What the exercise asks: Retype each record below word for word. Leave the pictures out.
>>>
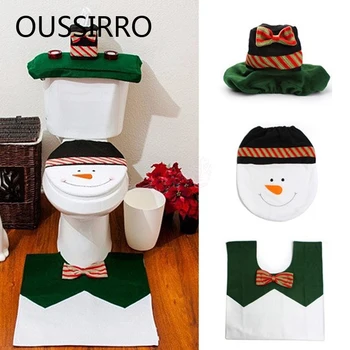 

1pcs Christmas Toilet Seat Cover Warmer Mat for Toilet WC Warm Pure Color Comfortable Warm European Standard Toilet Accessories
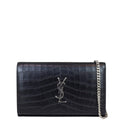 Saint Laurent Cassandre Chain Wallet Croc-Embossed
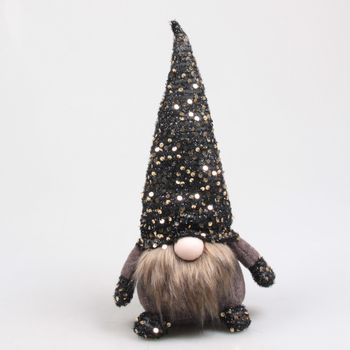 KERSTKABOUTER MET PAILLETJES 19X13X36 CM ZWART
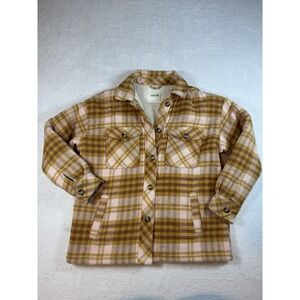 Aerie Shacket Shirt Jacket‎ Women's Size XS Plaid Flannel Sherpa Lined Yellow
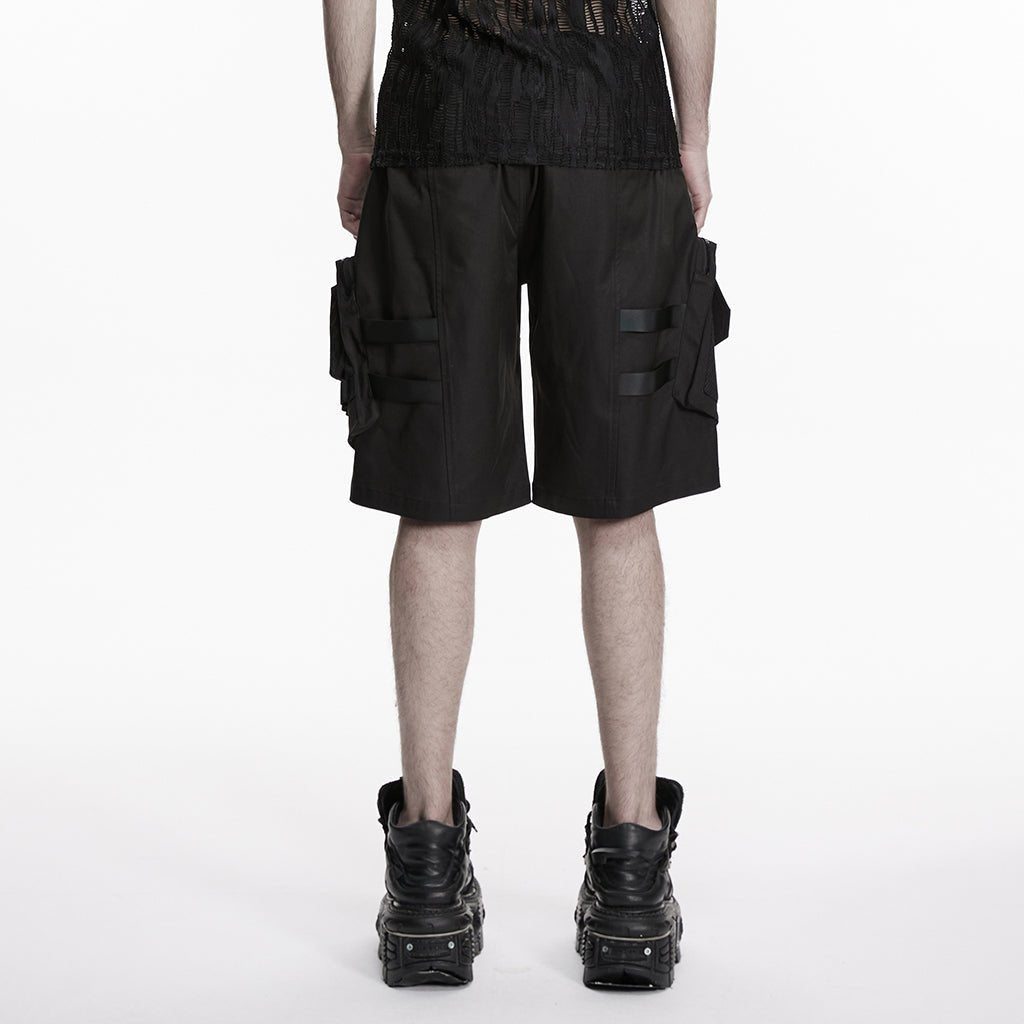 Bermudas Cargo Hombre Negras Techwear con Bolsillos - Crazyinlove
<<<
Exercise output:
1pcs Christmas Toilet Seat Cover Warmer Mat for Toilet WC Warm Pure Color Comfortable Warm European Standard Toilet Accessories
 Saint Laurent Cassandre Chain Wallet Croc-Embossed
 KERSTKABOUTER MET PAILLETJES 19X13X36 CM ZWART
 Aerie Shacket Shirt Jacket‎ Women's Size XS Plaid Flannel Sherpa Lined Yellow
 Bermudas Cargo Hombre Negras Techwear con Bolsillos - Crazyinlove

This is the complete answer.